Emergency surveillance bill puts public at risk of cyber criminals

Customers' personal information could be more vulnerable to cybercrime if the emergency surveillance law is passed, industry experts have warned.

Analysts have raised alarms about the lack of detail on data protection in the bill, given it significantly increases the amount of customer information which will be held and the number of companies who will be legally required to do so.

The international nature of the law places requirements on foreign companies to store data on UK customers' habits, but it does not mention whether they will also come under UK data protection law, what security measures would be used to protect the data or options for legal redress if a breach occurs.

Experts also warned that the interception systems being forced on foreign firms made particularly attractive targets for hackers and cyber criminals.

"Access can often be gained through the compromise of user accounts or knowledge of manufacturers' default passwords," Adrian Davis, cybercrime expert and European director of (ISC)2, the world's largest association of infosecurity professionals, said.

"We have seen that even the biggest internet and phone companies are vulnerable to online attacks; in June 2014 hackers stole details about the date, time, duration of customer calls from telecoms giant AT&T, while Orange recently suffered a massive phishing attack when cyber criminals used promotional ads to steal the email addresses, phone numbers and birth dates of 1.3 million users.

"Critically, the emergency bill extends Ripa's [the Regulation of Investigatory Powers Act] definition of 'telecommunications services' to include webmail – possibly even including Instant Messenger and social media.

"The bill increases the amount of our personal communications that must be saved, further widening the array of targets for hacker groups.

"Once web mail is included in the legislation's net, you include all manner of companies that supply these services, not just the major telecoms giants whom we would expect to at least have decent security in place."

The data retention and investigatory powers bill (Drip) completed its Lords committee stage without amendment today and is likely to be be rubber-stamped by the Commons into law by the end of the day.

Peers issued protests against the use of emergency legislation on such a controversial topic, but seemed powerless to stop it.

The progress of the bill came despite analysis by experts and the Lords' constitutional committee warning that it  handed the home secretary extraordinary new powers to expand future surveillance systems without having to put it to a vote.

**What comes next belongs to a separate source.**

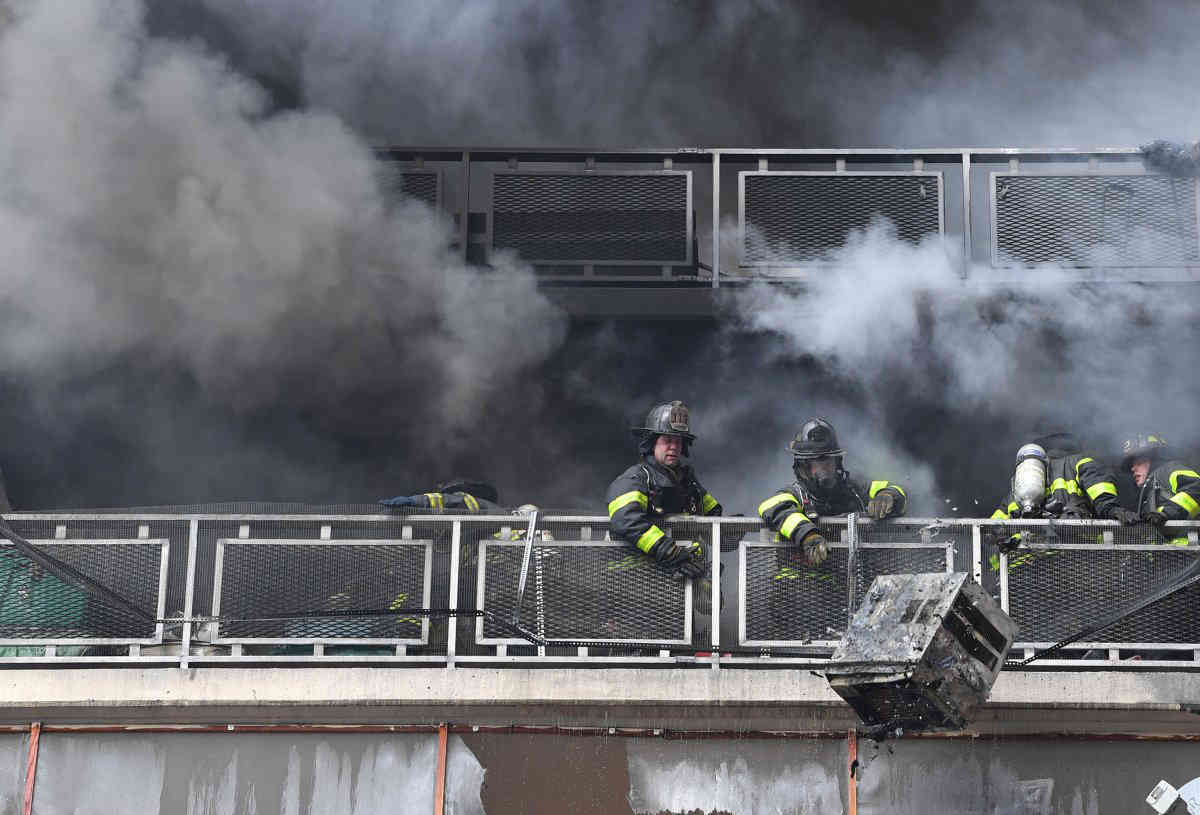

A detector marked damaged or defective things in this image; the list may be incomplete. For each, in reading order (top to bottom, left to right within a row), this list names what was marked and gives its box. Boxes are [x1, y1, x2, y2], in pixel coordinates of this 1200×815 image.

damaged hvac unit [828, 572, 1016, 732]
burned equipment [828, 572, 1016, 736]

The bill also creates a 'snoopers'-charter-lite', by applying current surveillance to overseas firms and expanding the definition of 'telecommunications' so that services such as Facebook are included.

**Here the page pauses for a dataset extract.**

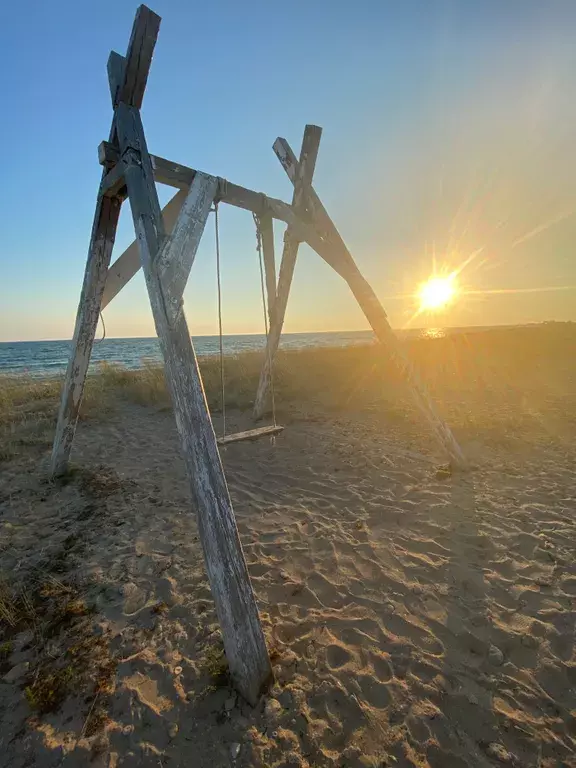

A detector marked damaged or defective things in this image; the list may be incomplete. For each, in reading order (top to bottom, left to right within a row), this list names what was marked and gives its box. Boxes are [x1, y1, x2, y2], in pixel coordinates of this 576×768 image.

The new powers contradict the assurances of ministers, who claim the bill is merely a continuation of existing surveillance laws.

Peers said they were unconvinced by government claims that the legislation needed to be forced through in a matter of days, especially because the court judgement which triggered the need for the law occurred months ago.

"One is right to be deeply suspicious of emergency legislation that appears in this way," Lord King said in the debate last night.

"I should also say, deeply cynically, that that is even more the case when such legislation comes with all-party agreement. That is a time to fasten your seat belts and wonder what the background to it really is."

Lord Butler, who had served as private secretary to five prime ministers, said the issues the bill addressed had been known for months.

"Why has parliament been given so little time to consider this bill?" he asked.

"If the government could reach a conclusion about the necessity for this legislation one week before the House of Commons went into recess, it beggars belief that they could not have reached that conclusion three weeks before the recess, thus giving parliament proper time to consider the bill."

He added that many people would conclude that the government had failed to get the snoopers charter though parliament and decided to smuggle it into law using emergency legislation instead.

"Those who take a conspiracy view of government might be tempted to speculate that having burned their fingers through consultation on the communications data bill, the government thought it wiser to bounce parliament rather than to run the same risk again," he says.

"The minister owes the House an explanation of that."

Lord Knight added: "The government's handling of this bill has been a disgrace."

The bill has been condemned by United Nations high commissioner for human rights Navi Pillay, who said the law did not address the concerns about privacy expressed by the European court of justice.

Dr Siraj Shaikh, reader in cyber security at Coventry University, told Politics.co.uk it would result in communications companies and security agencies amassing ever more information about the public.

"At a commercial level there'll be heightened collection," he said.

"Parts of the sector will feel legitimised. Privacy will be the least of their concerns from now on."